2. Meslek örgütleri ve hekimler bu sisteme karşı bir çabanın gerçek çözüm olacağını söylemekte ve bu anlayışla mücadele etmektedir.

Özel olarak Türkiye gerçeğinde ise,

1. Sağlıkta Dönüşüm Programı (SDP) ile birlikte sağlığın ticarileştirilmesi, bir kar alanı haline getirilmesi çok daha hız kazanmıştır.   
2. SDP katkı-katılım paylarından fark ücretlerine, performans uygulaması ödeme biçiminden tıbbi cihaz-malzeme politikalarına kadar bu sürecin zeminini oluşturmaktadır.
3. Aslında SDP da dahil olmak üzere hükümetin adaletten, eşitlikten yoksun ve her şeyi ticarileştiren temel icraatı bütün toplumsal dokuda bir çözülme, etik değerlerde yıpranmayı doğurmuştur. "Benim memurum işini bilir"le başlayan bu çizgi mevcut hükümetle herkesçe bilinen aşamaya gelmiştir.
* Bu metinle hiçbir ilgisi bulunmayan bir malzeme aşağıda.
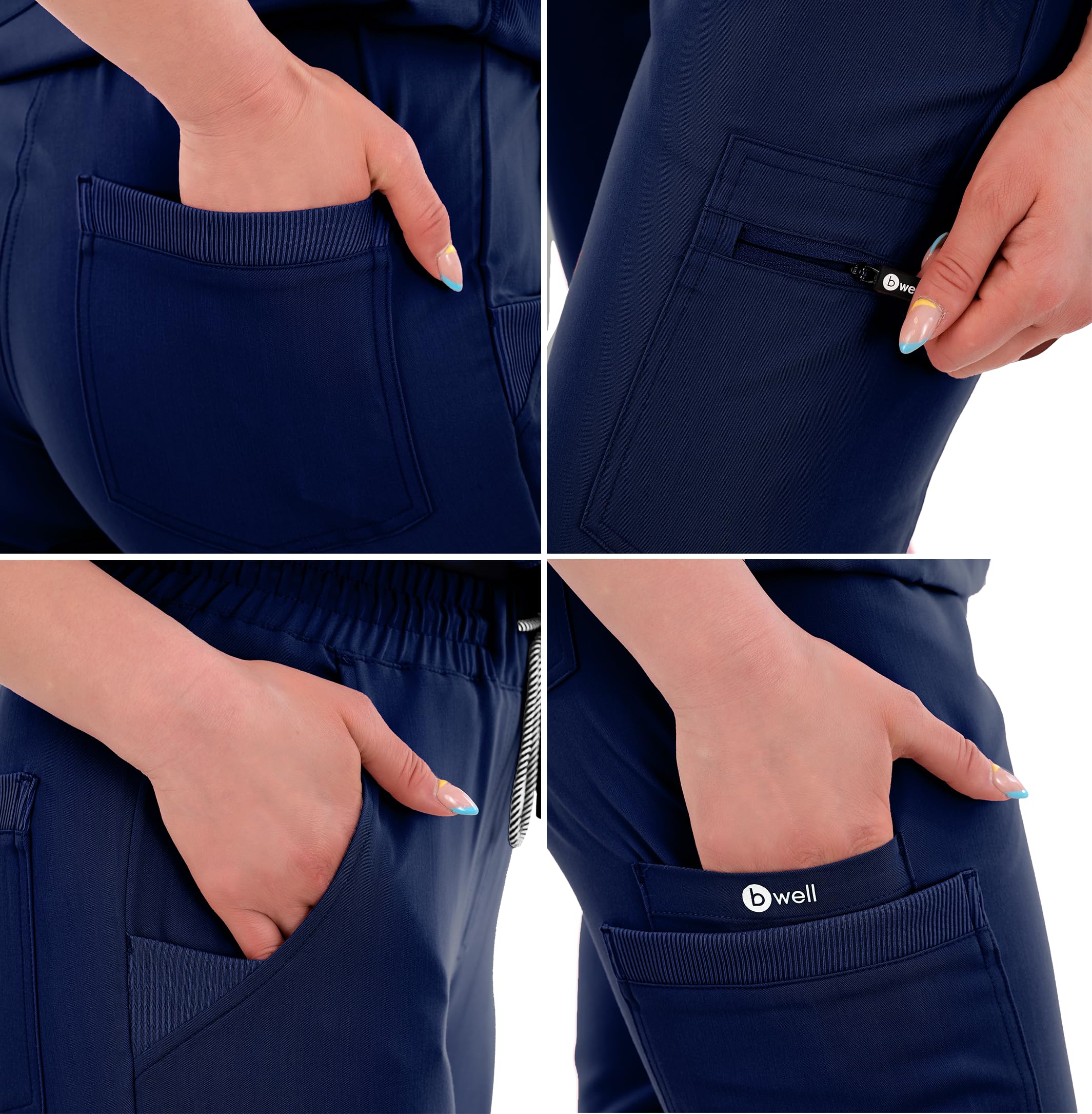 B-well Ricci Pantalón Sanitario Mujer Pantalones Sanitarios Mujer Uniformes Sanitarios Mujer con Elastano 7 Bolsillos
Özel olarak hekimler için ise,

1. Türkiye"de hekimlerin “etik dışı kazanç elde etmeleri” mevcut bütünden ayrı düşünülemez, değerlendirilemez.
2. Meslek örgütü açısından bu durum kabul edilemez olup, doğuran koşullarla ve esas zeminle mücadele kadar tek tek olaylarla da uğraşmak önemlidir ve görevimizdir.
3. TTB bu duruma yol açan politikalarla mücadeleyi temel bir öncelik olarak değerlendirmekte ve sorunun köklü çözümünün ancak böyle mümkün olacağını düşünmektedir. Söz konusu çalışmanın verilerini geçerli kabul ettiğimiz takdirde bunun izlenen sağlık politikalarının sonucu olduğu net olarak anlaşılmaktadır.

Ayrıca söz konusu çalışma, mesleki değerlerdeki yıpranma üzerinde SDP’nin yukarıda tanımlanan etkilerini dikkate almamaktadır. Mesleki değerlerle ilgili araştırmaların, o değerleri etkileyen faktörleri sorgulaması ve yorumlarında bu faktörleri dikkate alması beklenir. Ancak çalışma kurgulanırken  SDP’nin performans, verimlilik, rekabet gibi mesleki değerlerle çatışan uygulamalarının etkileri göz ardı edilmiş, sonuçlar da sadece sağlık çalışanlarına, diğer deyişle bireylere odaklanılarak kaleme alınmıştır.

Bir meslek örgütü olarak,

Bizim açımızdan “etik dışı kazanç elde etmenin” kabul edilemez olduğu kadar kabul edilemez olan bir konu da “hekimlerin etik dışı kazanç halinin” toplumun diğer kesimlerinden fazla olduğu “imajının” yaratılmasıdır.

Bu kasıtlıdır. Hükümetin politikalarının olumsuzlukları hekimler hedef gösterilerek aklanmakta, hekimler suçlu ilan edilmektedir. Bu durumun somut göstergesi hekimlere yönelik şiddette artıştır.

TTB sağlığın ticarileştirilmesi/piyasalaştırılmasının engellenmesini ve yerine eşit, ücretsiz, nitelikli, herkes için ulaşılabilir bir sağlık hizmetinin tesis edilmesini savunmaktadır. Bu savununun gerçekleşmesinin sağlık üzerinden etik dışı kazanç elde eden tıbbi endüstriyel kompleksler, ilaç ve tıbbi teknoloji tekelleri/sermayesi  ile bunlarla yakın ilişkisi olan politika yapıcılar başta olmak üzere herkesi engellemekte en gerçekçi ve geçerli önlem olduğunu bir kez daha hatırlatıyoruz.